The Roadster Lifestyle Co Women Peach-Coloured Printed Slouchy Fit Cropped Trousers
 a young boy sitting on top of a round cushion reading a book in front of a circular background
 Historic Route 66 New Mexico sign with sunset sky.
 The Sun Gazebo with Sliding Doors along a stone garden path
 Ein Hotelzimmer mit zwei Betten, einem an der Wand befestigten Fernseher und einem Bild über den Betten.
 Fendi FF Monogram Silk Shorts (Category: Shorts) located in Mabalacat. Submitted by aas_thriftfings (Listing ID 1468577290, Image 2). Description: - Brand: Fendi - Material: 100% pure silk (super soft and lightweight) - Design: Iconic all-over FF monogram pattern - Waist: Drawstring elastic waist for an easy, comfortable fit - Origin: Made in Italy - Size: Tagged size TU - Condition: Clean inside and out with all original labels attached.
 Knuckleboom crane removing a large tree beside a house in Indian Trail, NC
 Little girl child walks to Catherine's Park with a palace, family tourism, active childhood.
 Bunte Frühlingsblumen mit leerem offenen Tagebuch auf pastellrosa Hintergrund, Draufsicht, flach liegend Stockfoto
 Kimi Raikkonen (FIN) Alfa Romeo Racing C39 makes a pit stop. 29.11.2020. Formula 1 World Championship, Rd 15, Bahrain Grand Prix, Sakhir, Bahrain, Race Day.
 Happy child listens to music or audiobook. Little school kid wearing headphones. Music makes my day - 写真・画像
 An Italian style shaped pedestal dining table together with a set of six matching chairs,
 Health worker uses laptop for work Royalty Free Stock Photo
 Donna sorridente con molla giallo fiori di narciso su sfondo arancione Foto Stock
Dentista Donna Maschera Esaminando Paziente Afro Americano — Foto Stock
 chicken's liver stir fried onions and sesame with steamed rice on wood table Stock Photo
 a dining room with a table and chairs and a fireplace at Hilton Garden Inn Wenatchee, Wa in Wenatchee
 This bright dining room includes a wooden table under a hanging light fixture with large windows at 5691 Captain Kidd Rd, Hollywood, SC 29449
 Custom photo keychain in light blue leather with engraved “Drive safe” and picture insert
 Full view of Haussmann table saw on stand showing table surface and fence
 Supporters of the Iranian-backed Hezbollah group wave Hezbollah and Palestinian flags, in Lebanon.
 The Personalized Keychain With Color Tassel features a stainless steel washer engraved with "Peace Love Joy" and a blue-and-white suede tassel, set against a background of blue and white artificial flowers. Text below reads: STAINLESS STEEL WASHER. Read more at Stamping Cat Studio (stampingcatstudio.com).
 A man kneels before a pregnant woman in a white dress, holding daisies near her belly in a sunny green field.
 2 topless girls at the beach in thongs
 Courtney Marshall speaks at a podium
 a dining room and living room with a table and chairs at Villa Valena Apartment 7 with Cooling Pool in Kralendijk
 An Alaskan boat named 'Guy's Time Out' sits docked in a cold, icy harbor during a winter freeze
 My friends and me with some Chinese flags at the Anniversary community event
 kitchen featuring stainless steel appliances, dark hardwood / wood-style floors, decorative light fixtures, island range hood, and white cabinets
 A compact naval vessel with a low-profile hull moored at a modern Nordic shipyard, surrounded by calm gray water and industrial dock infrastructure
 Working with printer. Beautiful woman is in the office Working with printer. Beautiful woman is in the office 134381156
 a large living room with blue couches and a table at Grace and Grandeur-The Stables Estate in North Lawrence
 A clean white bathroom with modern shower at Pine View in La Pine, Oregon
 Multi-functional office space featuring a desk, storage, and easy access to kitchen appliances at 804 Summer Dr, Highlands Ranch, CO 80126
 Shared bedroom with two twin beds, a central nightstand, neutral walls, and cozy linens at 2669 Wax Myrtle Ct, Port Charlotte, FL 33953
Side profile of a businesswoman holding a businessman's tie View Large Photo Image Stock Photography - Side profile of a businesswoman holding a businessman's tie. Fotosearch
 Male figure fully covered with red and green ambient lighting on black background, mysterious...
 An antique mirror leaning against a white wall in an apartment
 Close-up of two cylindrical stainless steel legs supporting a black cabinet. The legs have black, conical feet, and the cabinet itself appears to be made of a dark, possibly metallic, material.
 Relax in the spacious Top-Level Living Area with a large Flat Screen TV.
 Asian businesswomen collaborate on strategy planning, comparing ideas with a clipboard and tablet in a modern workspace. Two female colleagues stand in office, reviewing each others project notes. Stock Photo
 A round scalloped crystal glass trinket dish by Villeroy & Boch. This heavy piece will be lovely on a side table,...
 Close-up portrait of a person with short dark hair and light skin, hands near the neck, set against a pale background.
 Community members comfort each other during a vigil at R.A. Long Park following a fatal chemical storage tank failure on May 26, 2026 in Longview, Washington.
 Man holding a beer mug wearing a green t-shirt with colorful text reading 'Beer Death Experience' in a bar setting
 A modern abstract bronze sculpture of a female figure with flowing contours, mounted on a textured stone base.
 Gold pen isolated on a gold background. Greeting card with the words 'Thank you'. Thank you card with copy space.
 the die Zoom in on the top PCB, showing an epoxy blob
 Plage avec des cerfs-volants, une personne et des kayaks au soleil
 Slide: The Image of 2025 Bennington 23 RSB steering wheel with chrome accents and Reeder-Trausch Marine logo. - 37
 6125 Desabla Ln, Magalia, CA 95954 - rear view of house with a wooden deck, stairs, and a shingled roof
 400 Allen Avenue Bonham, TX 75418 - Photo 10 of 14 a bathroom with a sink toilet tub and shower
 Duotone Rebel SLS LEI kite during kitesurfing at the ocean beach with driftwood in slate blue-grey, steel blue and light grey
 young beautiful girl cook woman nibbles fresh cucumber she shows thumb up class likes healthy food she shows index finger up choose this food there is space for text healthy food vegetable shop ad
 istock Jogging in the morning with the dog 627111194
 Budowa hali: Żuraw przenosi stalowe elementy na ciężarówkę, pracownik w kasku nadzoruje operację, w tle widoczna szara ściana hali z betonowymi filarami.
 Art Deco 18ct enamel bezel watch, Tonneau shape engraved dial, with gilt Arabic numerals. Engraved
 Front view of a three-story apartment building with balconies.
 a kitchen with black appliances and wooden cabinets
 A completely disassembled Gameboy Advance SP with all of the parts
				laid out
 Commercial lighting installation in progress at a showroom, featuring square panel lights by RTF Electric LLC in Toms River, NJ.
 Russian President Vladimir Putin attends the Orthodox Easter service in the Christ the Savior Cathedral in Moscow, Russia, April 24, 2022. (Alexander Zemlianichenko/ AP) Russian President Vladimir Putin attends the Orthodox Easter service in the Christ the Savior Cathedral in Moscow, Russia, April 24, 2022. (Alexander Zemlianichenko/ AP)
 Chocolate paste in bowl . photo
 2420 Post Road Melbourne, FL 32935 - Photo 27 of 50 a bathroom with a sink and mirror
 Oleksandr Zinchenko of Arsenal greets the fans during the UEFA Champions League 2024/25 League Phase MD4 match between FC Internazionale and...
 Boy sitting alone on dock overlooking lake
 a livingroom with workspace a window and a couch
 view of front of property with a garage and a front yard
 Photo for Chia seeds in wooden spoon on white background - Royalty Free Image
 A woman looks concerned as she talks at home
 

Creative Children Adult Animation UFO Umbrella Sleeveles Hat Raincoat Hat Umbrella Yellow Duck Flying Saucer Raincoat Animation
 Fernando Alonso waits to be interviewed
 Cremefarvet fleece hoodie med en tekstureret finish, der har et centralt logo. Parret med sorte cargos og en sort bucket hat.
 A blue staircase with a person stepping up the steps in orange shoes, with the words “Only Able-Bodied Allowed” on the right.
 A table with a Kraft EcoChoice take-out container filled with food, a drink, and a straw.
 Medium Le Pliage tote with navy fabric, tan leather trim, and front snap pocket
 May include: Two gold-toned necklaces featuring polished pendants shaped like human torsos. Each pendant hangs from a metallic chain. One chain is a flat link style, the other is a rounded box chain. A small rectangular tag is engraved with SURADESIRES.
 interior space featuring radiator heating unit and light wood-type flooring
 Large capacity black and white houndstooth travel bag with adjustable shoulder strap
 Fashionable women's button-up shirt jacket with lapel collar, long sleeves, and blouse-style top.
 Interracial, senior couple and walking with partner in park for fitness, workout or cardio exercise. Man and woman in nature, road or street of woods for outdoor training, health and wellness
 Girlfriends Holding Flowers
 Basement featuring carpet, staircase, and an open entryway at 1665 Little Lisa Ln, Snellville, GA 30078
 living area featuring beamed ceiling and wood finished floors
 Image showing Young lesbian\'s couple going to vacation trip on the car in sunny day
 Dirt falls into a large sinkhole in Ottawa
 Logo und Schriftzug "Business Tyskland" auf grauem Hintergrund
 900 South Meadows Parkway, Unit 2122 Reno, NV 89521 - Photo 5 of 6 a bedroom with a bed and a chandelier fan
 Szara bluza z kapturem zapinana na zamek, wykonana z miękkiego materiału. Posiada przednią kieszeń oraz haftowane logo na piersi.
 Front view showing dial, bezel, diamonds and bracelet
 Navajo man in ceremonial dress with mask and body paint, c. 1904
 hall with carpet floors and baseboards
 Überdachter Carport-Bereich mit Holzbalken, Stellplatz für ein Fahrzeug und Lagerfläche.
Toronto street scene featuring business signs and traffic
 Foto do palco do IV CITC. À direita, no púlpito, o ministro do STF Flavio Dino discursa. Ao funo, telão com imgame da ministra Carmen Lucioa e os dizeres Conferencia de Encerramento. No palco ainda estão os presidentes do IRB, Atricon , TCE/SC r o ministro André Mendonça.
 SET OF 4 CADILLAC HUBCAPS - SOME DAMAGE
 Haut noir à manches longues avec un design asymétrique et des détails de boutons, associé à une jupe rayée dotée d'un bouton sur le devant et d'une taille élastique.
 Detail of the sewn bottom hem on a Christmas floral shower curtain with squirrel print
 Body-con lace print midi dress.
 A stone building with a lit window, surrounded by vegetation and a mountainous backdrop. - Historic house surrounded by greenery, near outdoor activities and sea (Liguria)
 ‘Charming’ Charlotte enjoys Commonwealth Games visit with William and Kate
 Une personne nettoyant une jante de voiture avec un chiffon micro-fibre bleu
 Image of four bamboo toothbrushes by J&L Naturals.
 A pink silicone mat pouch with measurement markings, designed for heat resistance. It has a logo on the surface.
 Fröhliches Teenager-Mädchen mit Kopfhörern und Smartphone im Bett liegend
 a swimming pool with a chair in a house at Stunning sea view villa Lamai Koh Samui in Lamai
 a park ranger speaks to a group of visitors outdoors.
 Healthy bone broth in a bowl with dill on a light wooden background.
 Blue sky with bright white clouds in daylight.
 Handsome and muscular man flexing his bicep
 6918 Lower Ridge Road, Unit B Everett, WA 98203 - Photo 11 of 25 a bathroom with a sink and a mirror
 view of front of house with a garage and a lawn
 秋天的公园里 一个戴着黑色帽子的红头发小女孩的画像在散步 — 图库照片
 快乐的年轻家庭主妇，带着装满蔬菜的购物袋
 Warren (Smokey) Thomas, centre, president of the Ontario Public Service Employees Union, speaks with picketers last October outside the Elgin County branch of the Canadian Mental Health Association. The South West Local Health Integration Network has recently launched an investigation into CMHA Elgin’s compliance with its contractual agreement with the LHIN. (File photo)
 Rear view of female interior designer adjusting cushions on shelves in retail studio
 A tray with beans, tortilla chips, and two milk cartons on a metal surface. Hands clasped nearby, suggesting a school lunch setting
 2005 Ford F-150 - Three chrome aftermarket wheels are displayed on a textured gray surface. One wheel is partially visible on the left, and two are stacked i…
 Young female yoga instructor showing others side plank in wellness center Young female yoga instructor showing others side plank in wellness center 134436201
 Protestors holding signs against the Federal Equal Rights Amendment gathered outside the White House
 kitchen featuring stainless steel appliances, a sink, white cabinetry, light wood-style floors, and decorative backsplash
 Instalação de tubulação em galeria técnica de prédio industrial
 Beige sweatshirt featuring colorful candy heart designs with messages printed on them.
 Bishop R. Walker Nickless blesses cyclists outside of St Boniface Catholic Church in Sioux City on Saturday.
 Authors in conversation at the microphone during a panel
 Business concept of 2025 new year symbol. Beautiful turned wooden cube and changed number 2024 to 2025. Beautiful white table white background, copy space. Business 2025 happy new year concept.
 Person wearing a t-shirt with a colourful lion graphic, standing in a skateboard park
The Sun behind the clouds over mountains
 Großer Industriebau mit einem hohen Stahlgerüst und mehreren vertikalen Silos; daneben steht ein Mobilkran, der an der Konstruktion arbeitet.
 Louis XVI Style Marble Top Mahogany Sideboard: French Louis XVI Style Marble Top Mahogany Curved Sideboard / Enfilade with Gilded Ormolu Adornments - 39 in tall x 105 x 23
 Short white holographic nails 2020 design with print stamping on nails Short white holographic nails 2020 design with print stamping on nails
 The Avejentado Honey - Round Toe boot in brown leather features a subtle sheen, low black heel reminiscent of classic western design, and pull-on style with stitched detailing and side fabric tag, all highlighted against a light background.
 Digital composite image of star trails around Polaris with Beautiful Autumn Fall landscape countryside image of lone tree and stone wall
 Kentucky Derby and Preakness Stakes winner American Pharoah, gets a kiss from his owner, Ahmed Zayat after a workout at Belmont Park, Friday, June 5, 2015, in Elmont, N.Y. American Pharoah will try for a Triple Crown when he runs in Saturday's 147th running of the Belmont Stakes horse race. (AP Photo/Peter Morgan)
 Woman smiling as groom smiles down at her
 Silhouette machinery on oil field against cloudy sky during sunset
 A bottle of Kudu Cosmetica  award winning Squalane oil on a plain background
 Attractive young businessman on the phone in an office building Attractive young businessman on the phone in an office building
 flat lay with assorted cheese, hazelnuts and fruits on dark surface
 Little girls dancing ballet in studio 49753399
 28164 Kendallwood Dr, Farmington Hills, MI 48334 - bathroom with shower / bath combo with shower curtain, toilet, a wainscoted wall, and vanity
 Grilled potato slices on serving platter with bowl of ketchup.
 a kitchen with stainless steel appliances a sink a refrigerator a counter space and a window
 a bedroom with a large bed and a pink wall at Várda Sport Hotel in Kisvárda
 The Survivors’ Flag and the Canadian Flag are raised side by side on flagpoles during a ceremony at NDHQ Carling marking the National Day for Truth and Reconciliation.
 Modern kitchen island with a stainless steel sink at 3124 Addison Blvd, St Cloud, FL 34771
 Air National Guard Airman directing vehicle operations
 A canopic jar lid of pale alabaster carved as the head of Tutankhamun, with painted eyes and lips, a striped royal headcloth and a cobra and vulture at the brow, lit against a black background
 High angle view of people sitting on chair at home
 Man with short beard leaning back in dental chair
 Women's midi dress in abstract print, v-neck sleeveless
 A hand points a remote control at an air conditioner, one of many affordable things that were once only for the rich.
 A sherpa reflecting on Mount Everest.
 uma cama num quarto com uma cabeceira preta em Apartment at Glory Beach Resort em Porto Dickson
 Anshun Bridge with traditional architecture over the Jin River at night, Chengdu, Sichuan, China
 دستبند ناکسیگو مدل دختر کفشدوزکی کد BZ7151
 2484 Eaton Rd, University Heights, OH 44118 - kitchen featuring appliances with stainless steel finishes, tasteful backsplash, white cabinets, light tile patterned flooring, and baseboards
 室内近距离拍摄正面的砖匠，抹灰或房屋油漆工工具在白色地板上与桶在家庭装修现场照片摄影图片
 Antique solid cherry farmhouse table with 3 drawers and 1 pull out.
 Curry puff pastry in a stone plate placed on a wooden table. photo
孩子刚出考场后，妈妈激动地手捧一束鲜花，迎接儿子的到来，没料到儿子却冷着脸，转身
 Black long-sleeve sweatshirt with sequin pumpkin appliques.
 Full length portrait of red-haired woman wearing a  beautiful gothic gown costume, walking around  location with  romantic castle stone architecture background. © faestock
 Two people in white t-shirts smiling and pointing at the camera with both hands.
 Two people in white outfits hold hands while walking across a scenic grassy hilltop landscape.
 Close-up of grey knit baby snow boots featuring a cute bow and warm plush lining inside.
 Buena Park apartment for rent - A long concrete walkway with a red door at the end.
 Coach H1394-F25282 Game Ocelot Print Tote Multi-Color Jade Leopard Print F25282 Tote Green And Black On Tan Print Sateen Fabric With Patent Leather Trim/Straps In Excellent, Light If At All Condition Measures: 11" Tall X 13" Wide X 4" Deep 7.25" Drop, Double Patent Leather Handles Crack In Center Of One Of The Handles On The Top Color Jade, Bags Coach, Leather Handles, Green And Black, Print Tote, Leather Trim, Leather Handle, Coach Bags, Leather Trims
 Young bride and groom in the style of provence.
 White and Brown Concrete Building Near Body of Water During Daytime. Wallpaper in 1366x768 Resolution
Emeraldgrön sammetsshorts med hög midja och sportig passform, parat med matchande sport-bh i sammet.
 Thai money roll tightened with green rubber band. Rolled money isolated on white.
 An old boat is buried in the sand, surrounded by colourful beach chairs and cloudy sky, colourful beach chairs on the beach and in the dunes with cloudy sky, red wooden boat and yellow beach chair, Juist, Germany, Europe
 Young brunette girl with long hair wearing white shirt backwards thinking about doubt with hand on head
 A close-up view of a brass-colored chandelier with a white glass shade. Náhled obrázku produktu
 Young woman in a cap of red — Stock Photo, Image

> [WORK INSTRUCTION]: All that belongs in the answer is the run of lines above from the line containing "Buena Park apartment" through the line containing "White and Brown", exactly as written.

> [RESULT OF THE EXERCISE]:
 Buena Park apartment for rent - A long concrete walkway with a red door at the end.
 Coach H1394-F25282 Game Ocelot Print Tote Multi-Color Jade Leopard Print F25282 Tote Green And Black On Tan Print Sateen Fabric With Patent Leather Trim/Straps In Excellent, Light If At All Condition Measures: 11" Tall X 13" Wide X 4" Deep 7.25" Drop, Double Patent Leather Handles Crack In Center Of One Of The Handles On The Top Color Jade, Bags Coach, Leather Handles, Green And Black, Print Tote, Leather Trim, Leather Handle, Coach Bags, Leather Trims
 Young bride and groom in the style of provence.
 White and Brown Concrete Building Near Body of Water During Daytime. Wallpaper in 1366x768 Resolution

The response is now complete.